> **To do**:
Although the records contain pictures, repeat only the text of every line exactly.

> **Data excerpts**:
========

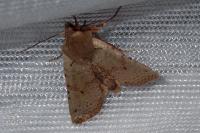 Spudaea ruticilla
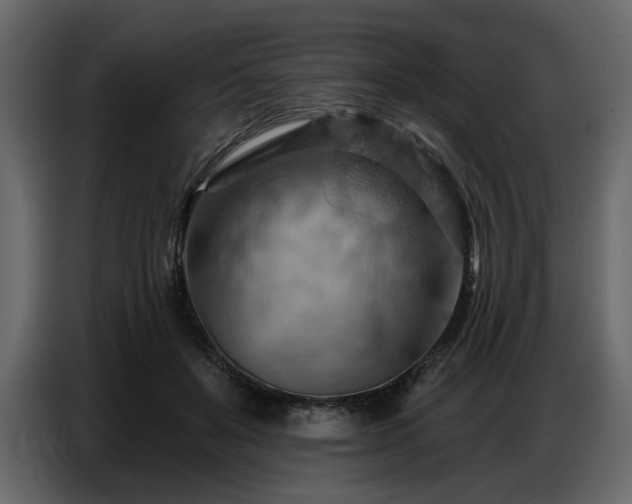 X0000087740503200705071055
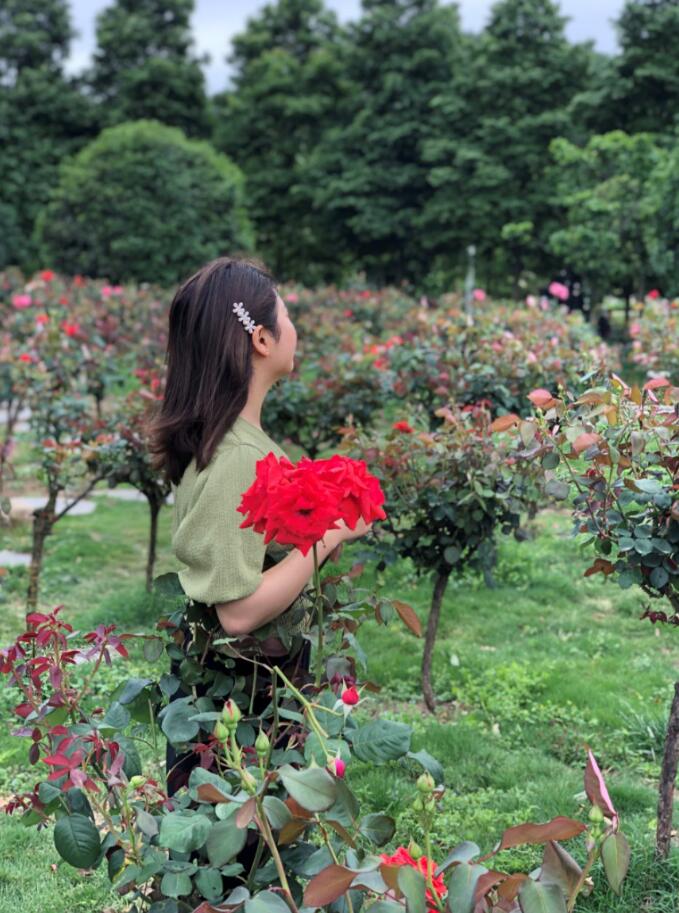 1595841128177028781.jpg qq截图20200727171200.jpg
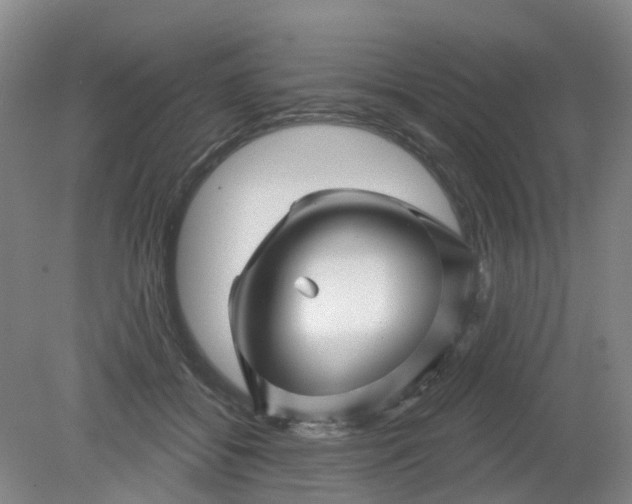 X0000079330556200612011911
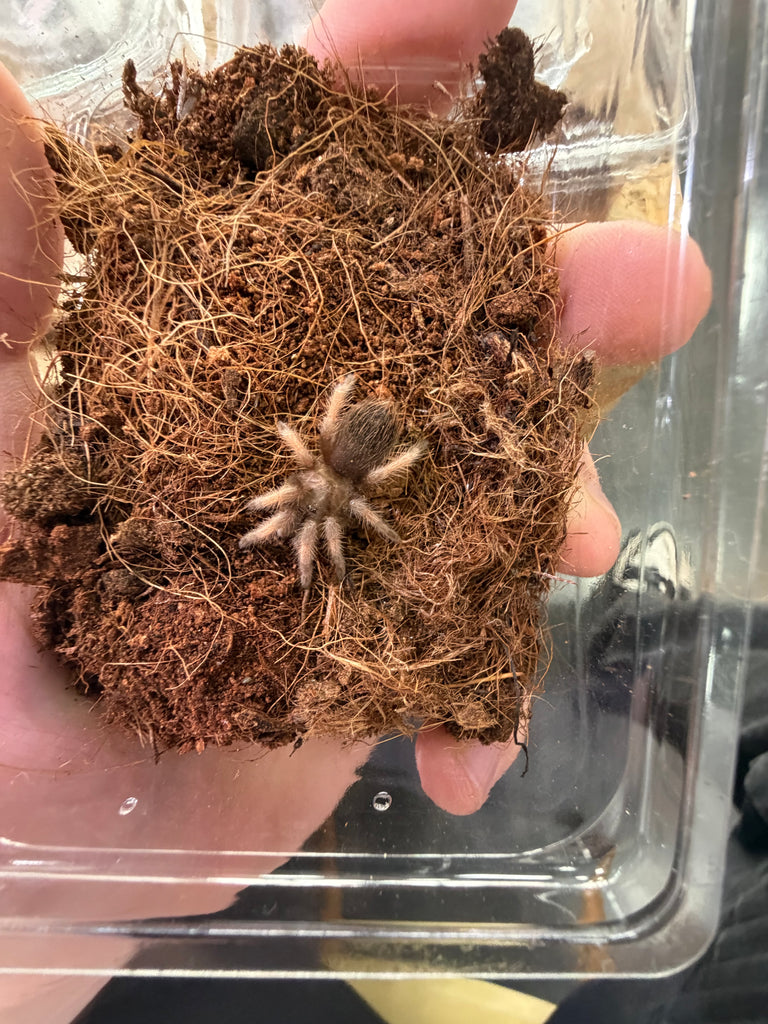 Brachypelma Tarántula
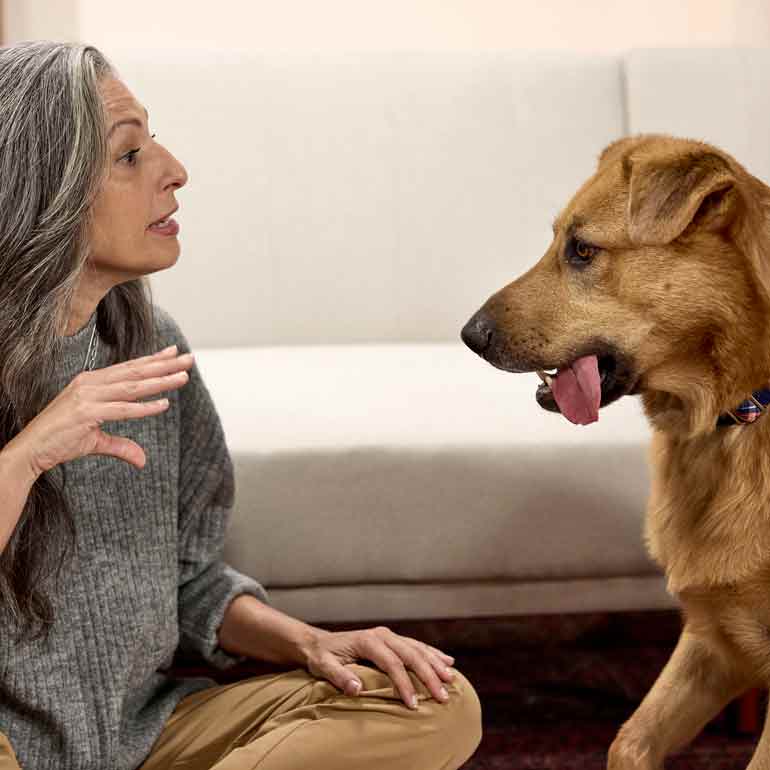 Photo of a woman giving a hand signal to a dog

========

> **Solution to this exercise**:
 Spudaea ruticilla
 X0000087740503200705071055
 1595841128177028781.jpg qq截图20200727171200.jpg
 X0000079330556200612011911
 Brachypelma Tarántula
 Photo of a woman giving a hand signal to a dog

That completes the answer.